The Mid-Atlantic ridge comes ashore on the Reykjanes peninsula. The peninsula, with its diversity of volcanic and geothermal activity, is a Geopark and is the only place in the world where the Mid-Atlantic Ridge is visible above sea level.
The word geo is linked to the goddess Gaia, who was the personification of Earth in ancient Greek mythology. She was one of the primordial deities, the great mother of all, mother earth.
Reykjanes Geopark lies on major plate boundaries along the Mid-Atlantic Ridge, part of the 65,000km mid-ocean ridge that encircles the earth like a seam of a baseball. Although 90% of this mountain range lies deep below the surface of the ocean, it rises above sea-level right here on the Reykjanes Peninsula, making this one of the only places on earth where it is visible. It is home to many important geological formations, some of which are utterly unique, including numerous types of volcanoes in at least four separate volcanic zones, with hundreds of open fissures and faults.
The Reykjanes Peninsula is a continuation of the Mid-Atlantic Ridge, which rises from the sea at the very tip of the peninsula and diagonally crosses Iceland from the south-west to the north-east. You can read the area’s geological history several hundred thousand years back in time, although most of the strata are less than 100–200 thousand years old. The last series of eruptions on the Reykjanes Peninsula began around AD 1000 and ended 250 years later.

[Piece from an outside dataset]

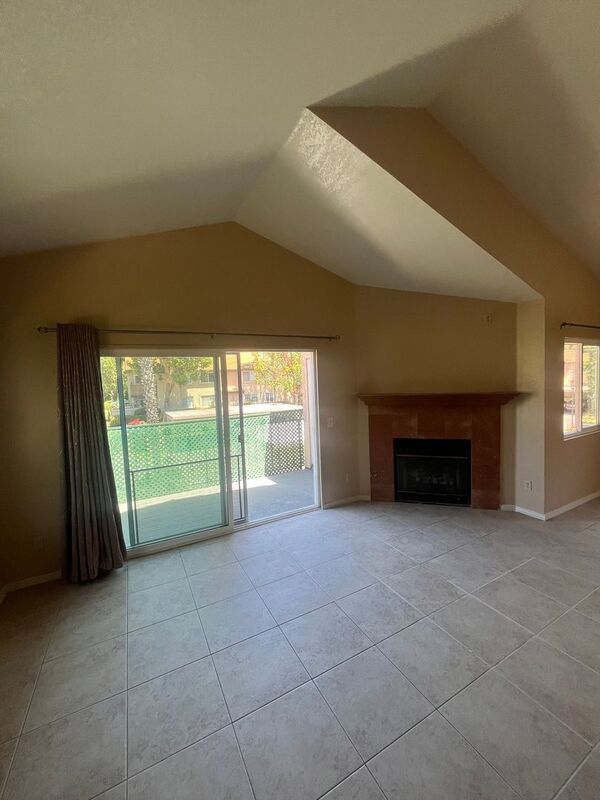 Building Photo - 11235 Avenida De Los Lobos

The landscape that makes up the peninsula is characterised by tuff mountains and hyaloclastite ridges that formed in subglacial eruptions, as well as several series of craters and other large shield volcanoes from more recent times. In many places, there are lava stacks that formed in fissure eruptions, when large volumes of lava flowed from craters in the faults. Eruptions in Reykjanes are rarely accompanied by ash except where the volcanic fissures opened underwater or in the sea.
Earthquakes are frequent due to the spreading of the plates and occur most commonly as earthquake swarms that can last for several years. Although most of these are minor, every so often they can be felt across the entire peninsula.
Reykjanes Unesco Global Geopark is the second geopark in Iceland and the 66th member accepted into the European Geoparks Network in September 2015.
Reykjanes Geopark has listed 55 sites as Geosites. Those sites have a significant role in the Geopark and are connected to the story of the Mid Atlantic ridge and the affects of the tectonic plates.